Learning semantic string transformations from examples

  • Authors:
  • Rishabh Singh;Sumit Gulwani

  • Affiliations:
  • MIT CSAIL, Cambridge, MA;Microsoft Research, Redmond, WA

  • Venue:
  • Proceedings of the VLDB Endowment
  • Year:
  • 2012

Quantified Score

Hi-index 0.02

Visualization

Abstract

We address the problem of performing semantic transformations on strings, which may represent a variety of data types (or their combination) such as a column in a relational table, time, date, currency, etc. Unlike syntactic transformations, which are based on regular expressions and which interpret a string as a sequence of characters, semantic transformations additionally require exploiting the semantics of the data type represented by the string, which may be encoded as a database of relational tables. Manually performing such transformations on a large collection of strings is error prone and cumbersome, while programmatic solutions are beyond the skill-set of end-users.
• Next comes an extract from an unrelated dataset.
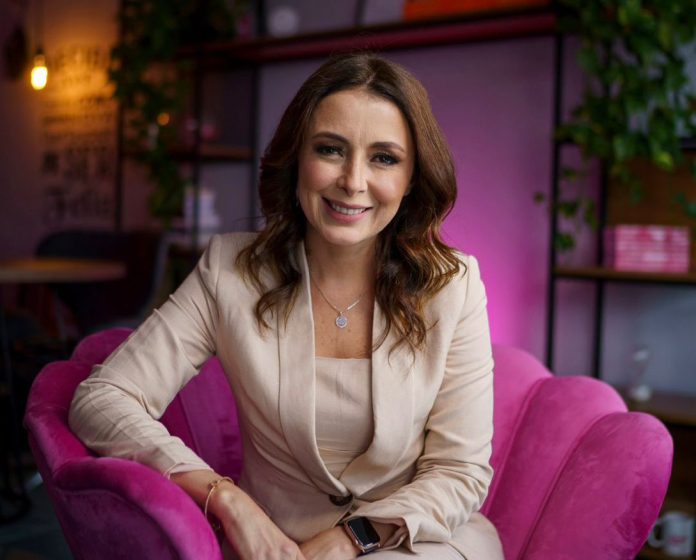 Créditos da Foto: Divulgação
We present a programming by example technology that allows end-users to automate such repetitive tasks. We describe an expressive transformation language for semantic manipulation that combines table lookup operations and syntactic manipulations. We then present a synthesis algorithm that can learn all transformations in the language that are consistent with the user-provided set of input-output examples. We have implemented this technology as an add-in for the Microsoft Excel Spreadsheet system and have evaluated it successfully over several benchmarks picked from various Excel help-forums.